Hogan’s widow, Becky, who is running for an Aurora City Council-at-large seat, said that Aurora Highlands could not have broken ground without the cooperation of people with different backgrounds and political parties. Her late husband, she said, was the one who brought everyone to the table.
“That man’s skill set was collaboration. You can’t do projects like this one without reaching across the aisle,” she said.
“There were fiscal issues, drainage issues and other technical things he had to work through,” his friend and political colleague, Aurora City Councilman Dave Gruber said. “Some owners were working in their best interests, but there was never a Democrat/Republican fight at that time.”
Under Hogan’s leadership, “There wasn’t any ‘I do this for you, you do this for me,’” he said. “For Steve, it was all about the vision.”
For Hogan’s family, the event to honor his legacy on the anniversary of his death was bittersweet.
”He was always more concerned about the goal that everyone needed to accomplish rather than focusing on politics,” added his son, Timothy, who sat at Hogan’s family table on a Colorado blue-sky day.
Hogan started his political career as a Democrat, but eventually decided to switch parties and become a Republican.
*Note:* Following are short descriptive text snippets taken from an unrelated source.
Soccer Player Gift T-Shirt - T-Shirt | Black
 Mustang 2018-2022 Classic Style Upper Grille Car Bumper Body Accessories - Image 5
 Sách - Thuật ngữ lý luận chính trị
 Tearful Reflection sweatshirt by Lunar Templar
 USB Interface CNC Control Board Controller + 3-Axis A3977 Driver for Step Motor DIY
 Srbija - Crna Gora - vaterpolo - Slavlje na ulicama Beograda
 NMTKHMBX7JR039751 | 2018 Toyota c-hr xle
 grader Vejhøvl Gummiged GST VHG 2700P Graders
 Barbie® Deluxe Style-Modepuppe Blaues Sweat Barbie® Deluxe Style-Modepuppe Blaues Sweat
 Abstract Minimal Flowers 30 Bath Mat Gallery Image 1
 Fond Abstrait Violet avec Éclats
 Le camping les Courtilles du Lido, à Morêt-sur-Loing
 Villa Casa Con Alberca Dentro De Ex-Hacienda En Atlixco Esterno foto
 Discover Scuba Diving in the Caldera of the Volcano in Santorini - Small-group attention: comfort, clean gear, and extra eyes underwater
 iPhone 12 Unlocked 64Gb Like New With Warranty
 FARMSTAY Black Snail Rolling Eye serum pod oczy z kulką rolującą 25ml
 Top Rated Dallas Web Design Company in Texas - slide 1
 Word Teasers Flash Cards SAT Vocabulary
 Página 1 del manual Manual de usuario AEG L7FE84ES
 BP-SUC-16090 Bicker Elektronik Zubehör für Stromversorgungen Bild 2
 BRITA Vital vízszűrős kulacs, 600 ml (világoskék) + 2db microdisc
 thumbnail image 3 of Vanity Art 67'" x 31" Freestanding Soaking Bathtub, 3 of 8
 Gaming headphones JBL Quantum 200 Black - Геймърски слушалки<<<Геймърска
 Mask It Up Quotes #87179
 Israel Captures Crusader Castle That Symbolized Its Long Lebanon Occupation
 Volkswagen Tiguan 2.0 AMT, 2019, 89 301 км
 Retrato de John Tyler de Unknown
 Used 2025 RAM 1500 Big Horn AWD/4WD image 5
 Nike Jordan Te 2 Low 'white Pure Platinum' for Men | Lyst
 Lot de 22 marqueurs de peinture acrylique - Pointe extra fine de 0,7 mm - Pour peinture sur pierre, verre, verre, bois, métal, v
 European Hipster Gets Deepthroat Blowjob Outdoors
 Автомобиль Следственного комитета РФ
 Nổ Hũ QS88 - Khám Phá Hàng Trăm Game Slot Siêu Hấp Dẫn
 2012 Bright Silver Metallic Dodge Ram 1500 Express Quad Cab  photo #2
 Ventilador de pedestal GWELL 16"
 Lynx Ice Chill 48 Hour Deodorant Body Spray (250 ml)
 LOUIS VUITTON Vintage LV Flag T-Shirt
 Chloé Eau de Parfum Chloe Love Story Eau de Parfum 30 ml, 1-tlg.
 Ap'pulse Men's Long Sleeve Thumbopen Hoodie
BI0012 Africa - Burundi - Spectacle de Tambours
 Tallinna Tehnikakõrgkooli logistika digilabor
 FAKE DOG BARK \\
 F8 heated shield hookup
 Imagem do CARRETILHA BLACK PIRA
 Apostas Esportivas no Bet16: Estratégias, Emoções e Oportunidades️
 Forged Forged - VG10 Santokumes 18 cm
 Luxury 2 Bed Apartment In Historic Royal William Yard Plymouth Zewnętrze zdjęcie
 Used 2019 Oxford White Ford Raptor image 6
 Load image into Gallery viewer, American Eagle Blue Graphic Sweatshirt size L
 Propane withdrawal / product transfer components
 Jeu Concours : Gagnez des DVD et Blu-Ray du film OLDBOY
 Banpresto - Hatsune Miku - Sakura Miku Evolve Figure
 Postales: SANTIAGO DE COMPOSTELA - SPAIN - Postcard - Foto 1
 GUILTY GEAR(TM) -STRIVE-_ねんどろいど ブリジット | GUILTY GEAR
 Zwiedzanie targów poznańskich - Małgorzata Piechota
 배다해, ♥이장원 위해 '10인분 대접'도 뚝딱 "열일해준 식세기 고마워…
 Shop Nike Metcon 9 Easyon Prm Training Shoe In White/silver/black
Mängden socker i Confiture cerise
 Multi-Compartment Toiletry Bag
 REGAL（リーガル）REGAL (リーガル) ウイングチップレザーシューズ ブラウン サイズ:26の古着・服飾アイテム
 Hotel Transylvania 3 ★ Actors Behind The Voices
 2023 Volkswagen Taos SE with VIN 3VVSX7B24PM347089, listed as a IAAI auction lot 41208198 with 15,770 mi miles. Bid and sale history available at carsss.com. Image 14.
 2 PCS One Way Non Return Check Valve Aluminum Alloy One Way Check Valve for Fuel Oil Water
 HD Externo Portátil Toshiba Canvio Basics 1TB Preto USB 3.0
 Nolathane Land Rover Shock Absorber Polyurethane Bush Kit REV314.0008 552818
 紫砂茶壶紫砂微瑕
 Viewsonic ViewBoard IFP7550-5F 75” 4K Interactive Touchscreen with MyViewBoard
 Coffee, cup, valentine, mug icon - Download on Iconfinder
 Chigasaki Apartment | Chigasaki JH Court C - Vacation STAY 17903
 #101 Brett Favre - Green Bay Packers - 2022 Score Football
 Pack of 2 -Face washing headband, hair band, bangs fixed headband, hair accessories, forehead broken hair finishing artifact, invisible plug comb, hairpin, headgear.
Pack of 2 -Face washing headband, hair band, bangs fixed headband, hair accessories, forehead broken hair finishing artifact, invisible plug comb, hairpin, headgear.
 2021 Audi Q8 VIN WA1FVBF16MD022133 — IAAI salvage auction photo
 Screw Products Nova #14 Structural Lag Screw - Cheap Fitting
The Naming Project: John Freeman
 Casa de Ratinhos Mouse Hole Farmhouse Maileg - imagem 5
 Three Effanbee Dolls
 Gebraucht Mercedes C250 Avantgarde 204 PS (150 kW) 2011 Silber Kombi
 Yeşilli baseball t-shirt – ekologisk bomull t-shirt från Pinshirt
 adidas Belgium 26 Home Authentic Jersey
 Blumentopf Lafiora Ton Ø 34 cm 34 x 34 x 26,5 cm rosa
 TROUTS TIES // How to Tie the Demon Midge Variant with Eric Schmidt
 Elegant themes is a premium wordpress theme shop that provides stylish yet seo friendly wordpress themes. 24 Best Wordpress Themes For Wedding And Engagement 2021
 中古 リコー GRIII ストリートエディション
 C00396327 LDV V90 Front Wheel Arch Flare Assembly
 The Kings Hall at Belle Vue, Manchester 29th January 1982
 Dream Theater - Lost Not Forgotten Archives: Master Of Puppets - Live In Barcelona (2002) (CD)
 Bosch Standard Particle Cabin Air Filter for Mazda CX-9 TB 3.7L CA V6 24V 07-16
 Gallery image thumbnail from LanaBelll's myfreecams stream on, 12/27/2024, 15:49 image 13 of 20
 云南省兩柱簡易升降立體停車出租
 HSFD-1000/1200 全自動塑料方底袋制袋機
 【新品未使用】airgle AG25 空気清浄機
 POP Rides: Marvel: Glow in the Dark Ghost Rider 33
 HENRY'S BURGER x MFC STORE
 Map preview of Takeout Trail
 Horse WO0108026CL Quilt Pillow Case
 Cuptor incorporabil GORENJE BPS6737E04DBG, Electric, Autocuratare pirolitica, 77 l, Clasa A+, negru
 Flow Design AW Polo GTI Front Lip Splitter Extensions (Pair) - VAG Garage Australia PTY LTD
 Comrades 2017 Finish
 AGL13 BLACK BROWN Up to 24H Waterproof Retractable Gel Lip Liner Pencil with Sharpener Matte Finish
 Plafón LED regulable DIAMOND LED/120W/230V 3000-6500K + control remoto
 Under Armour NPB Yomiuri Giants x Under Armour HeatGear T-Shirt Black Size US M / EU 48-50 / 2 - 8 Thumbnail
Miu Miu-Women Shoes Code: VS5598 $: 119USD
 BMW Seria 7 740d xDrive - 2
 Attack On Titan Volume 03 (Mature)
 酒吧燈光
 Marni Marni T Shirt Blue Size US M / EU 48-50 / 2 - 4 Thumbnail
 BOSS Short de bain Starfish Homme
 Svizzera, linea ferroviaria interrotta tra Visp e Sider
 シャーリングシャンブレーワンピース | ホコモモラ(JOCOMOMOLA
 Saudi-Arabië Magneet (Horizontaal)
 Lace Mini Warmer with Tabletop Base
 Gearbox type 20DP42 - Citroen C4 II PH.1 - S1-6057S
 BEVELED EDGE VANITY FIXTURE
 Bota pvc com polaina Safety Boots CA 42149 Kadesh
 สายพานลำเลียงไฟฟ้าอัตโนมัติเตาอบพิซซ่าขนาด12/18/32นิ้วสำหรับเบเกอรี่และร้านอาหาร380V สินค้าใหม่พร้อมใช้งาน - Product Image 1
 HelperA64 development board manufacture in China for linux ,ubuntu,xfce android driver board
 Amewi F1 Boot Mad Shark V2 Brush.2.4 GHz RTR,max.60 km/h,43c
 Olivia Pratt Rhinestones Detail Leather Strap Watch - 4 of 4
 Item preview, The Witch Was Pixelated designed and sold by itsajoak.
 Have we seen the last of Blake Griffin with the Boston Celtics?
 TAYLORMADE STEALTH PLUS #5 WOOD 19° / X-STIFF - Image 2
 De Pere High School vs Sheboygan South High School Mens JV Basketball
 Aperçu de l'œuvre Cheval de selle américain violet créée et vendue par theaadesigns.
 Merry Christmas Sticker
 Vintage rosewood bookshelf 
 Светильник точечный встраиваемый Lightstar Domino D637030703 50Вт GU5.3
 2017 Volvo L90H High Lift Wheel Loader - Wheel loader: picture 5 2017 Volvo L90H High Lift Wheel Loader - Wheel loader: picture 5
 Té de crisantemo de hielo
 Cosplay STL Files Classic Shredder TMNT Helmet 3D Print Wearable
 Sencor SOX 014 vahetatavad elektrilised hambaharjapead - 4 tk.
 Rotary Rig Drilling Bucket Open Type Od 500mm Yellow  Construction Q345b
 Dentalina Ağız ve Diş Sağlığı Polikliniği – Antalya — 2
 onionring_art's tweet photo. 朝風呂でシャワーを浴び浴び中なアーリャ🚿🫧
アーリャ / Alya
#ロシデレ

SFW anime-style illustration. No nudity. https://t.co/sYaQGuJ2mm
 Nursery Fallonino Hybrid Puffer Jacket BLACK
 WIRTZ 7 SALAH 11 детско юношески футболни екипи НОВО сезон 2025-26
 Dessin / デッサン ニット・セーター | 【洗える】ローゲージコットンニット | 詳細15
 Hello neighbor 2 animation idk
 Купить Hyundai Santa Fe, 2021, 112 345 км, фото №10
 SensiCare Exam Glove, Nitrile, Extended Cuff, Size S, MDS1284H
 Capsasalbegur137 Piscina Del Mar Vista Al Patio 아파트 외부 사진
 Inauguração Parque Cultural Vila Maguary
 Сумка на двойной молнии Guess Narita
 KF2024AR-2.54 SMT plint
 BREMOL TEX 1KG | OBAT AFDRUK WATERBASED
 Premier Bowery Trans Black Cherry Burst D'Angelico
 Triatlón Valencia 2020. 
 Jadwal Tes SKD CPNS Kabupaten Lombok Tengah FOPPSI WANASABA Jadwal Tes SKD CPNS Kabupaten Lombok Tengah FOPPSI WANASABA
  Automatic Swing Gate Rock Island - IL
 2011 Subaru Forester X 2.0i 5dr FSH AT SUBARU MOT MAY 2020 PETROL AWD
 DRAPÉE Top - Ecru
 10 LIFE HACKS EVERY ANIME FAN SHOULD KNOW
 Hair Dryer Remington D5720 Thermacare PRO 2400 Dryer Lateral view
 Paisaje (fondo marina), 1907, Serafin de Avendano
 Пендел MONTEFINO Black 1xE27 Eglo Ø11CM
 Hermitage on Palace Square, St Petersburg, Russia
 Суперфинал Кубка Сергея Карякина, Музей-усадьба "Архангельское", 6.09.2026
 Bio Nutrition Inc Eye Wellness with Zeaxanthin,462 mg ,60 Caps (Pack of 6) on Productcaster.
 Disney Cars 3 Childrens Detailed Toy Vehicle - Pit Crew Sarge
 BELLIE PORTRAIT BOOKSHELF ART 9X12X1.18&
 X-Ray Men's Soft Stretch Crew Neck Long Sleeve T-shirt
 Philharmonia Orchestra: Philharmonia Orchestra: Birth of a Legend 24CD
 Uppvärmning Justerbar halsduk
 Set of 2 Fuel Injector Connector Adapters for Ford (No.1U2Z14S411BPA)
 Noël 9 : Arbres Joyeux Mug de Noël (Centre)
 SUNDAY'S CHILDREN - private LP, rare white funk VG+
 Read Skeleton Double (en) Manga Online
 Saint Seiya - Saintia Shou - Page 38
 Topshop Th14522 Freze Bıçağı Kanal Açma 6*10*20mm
“I remember when that happened. I was 12 years old, “ Hogan’s daughter, Elizabeth, told Colorado Politics. She said he sat the family down to tell them. “There was going to be a formal announcement that he was changing parties. We always got him little donkey ornaments and we were going to have to start getting him elephants instead.”
Hogan was also passionate about transportation, and was a big part of the development of E-470 in the late 1980s. He eventually oversaw the tollway’s operations as executive director of the highway authority.
Aurora Highlands sits just off of the E-470 tollway at the 38th Aurora Highlands Parkway interchange. The property’s rolling fields will soon be home to parks and hiking trails. A clocktower overlooks the entrance to the development where people have begun to move in.
The area is a part of the “Aerotropolis,” a subregion centered around DIA and among the hottest real estate markets along the Front Range. Adams County and Aurora city planners predict that the area will be home to the 180,000 people who live and work around the airport.
Aurora’s current mayor, Mike Coffman, first met Hogan in the 1980s. Their friendship grew as Coffman watched Hogan navigate the changing political climate.
“Toward the end of his tenure, before 2017, the political environment reflected more of a small town. But now it’s much more complicated to get things accomplished. Now Aurora is the 54th largest populated city in America,” said Coffman. “I wish he could have been here to see this; to see his legacy come into fruition.”